Il ragionamento di fondo è semplice: i politici hanno incentivi di breve periodo. Vogliono stimolare l’economia prima delle elezioni, abbassare i tassi per far contenti gli elettori. Una banca centrale indipendente, invece, può guardare più lontano, prendere decisioni impopolari ma necessarie per la stabilità dei prezzi. È un po’ come avere un guardrail che ci protegge da noi stessi.

Ma questa narrazione negli ultimi anni è stata sempre più messa in discussione. E non da populisti o politici interessati, ma da economisti rispettabili che sollevano domande legittime: davvero ha senso che istituzioni non elette abbiano così tanto potere su decisioni che influenzano la vita di tutti?

Milton Friedman, non certo un carneade, sosteneva che l’indipendenza delle banche centrali mancasse di legittimità democratica. Per il premio Nobel la politica monetaria avrebbe dovuto seguire regole chiare, non essere affidata alla discrezionalità di tecnocrati non eletti.

Dopo la crisi finanziaria del 2008, i dubbi si sono intensificati. Le banche centrali hanno acquisito poteri enormi: comprano bond governativi per migliaia di miliardi e intervengono nelle crisi con misure che hanno profonde implicazioni redistributive.

Alcuni studi recenti suggeriscono che l’indipendenza delle banche centrali potrebbe avere effetti collaterali importanti. Una ricerca della Banca Mondiale del 2021 ha esplorato come l’indipendenza della banca centrale, limitando gli strumenti fiscali dei governi, possa effettivamente aumentare la disuguaglianza. Il ragionamento: se i governi non possono usare la leva monetaria e hanno limiti sulla politica fiscale, finiscono per deregolamentare i mercati finanziari o adottare politiche che favoriscono chi già ha patrimoni.

C’è poi la questione del coordinamento. Durante crisi severe – come la pandemia o la crisi del 2008 – serve che politica fiscale e monetaria lavorino insieme.
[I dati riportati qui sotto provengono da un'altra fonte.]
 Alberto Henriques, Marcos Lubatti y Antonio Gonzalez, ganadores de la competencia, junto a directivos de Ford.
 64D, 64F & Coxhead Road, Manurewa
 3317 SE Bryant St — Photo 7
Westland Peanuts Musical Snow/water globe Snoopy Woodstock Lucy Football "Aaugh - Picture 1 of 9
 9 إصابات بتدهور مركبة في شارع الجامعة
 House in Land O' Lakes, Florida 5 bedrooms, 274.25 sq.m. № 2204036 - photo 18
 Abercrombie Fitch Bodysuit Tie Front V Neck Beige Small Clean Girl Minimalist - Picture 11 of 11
Diversi economisti, incluso lo stesso Ben Bernanke in passato, hanno suggerito che in circostanze eccezionali potrebbe aver senso una coordinazione temporanea tra governo e banca centrale. L’idea non è eliminare l’indipendenza, ma riconoscere che in momenti critici serve flessibilità.

Un paper di Harvard del 2020 propone un modello più sfumato: mantenere l’indipendenza operativa (la banca centrale sceglie come raggiungere gli obiettivi) ma non l’indipendenza politica assoluta (gli obiettivi vengono discussi democraticamente). È un tentativo di bilanciare efficacia tecnica e legittimità democratica.
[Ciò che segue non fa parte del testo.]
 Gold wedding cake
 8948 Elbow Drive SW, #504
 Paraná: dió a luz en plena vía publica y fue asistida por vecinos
Il dibattito non è tra buoni e cattivi, ma tra due valori importanti: la stabilità economica che l’indipendenza delle banche centrali ha storicamente garantito, e la legittimità democratica che richiede che decisioni così importanti non siano sottratte al controllo pubblico.

La verità è che probabilmente serve trovare un nuovo equilibrio. Le banche centrali devono essere indipendenti nella loro operatività quotidiana – i politici non devono telefonare per abbassare i tassi prima delle elezioni. Ma devono anche essere trasparenti, spiegare le loro scelte, e forse avere mandati più chiari e limitati di quelli che hanno accumulato negli ultimi anni.
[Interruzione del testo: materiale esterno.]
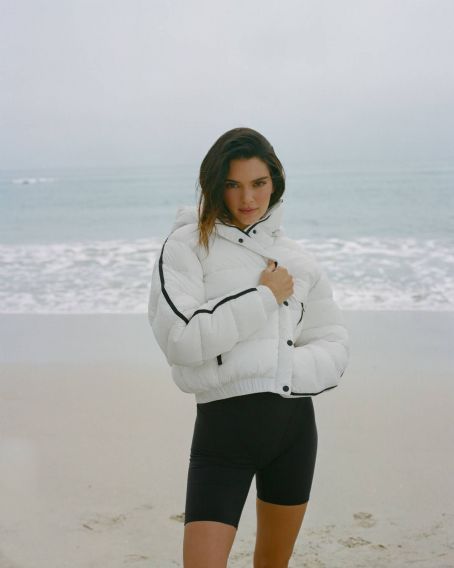 Kendall Jenner – Alo Holiday Jackets and Coats (Fall 2021)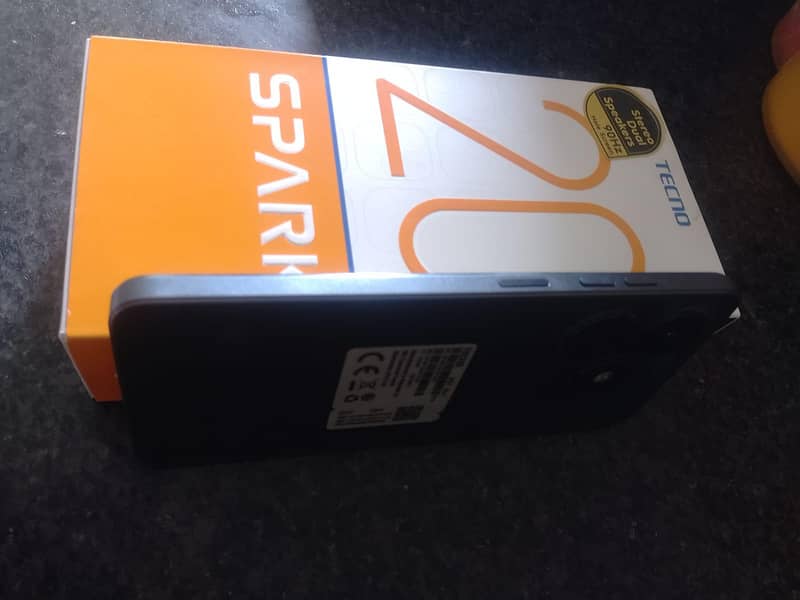 Techno Spark 20c 4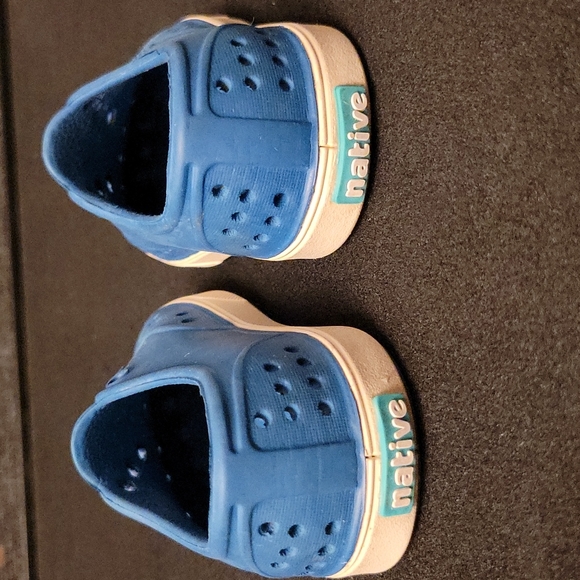 Native Slip-on Shoe Size c5 - Picture 4 of 5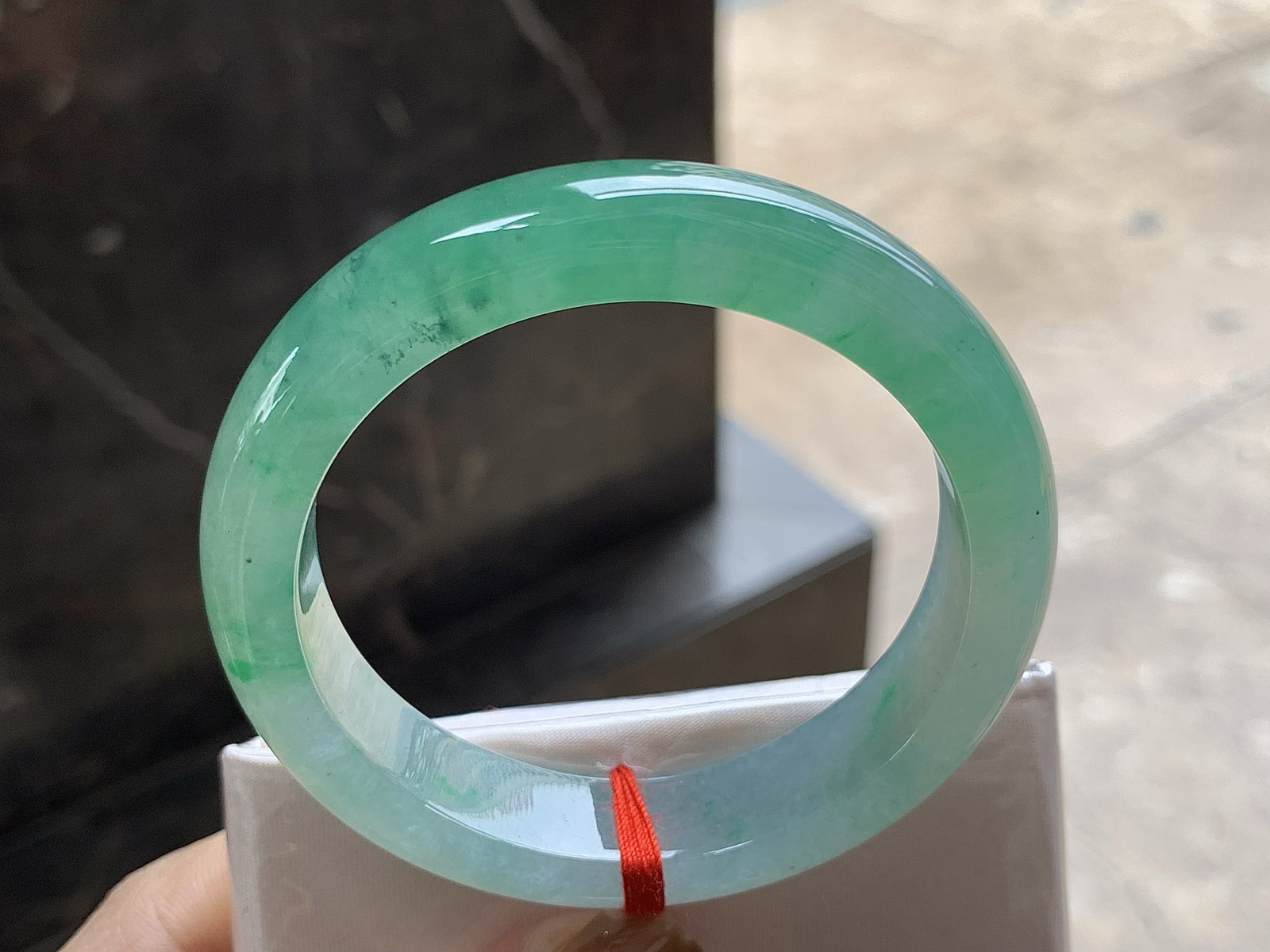 52.5-12.7-8.3

带色手镯^_^正圈52 53  种好水润～ 颜色鲜艳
Quello che sembra chiaro dagli studi è che gli estremi non funzionano: né un controllo politico totale (che storicamente ha portato a inflazione alta), né un’indipendenza così assoluta da creare una sorta di quarto potere dello stato senza controlli democratici. Il punto, come spesso accade in economia, sta nel trovare il giusto equilibrio.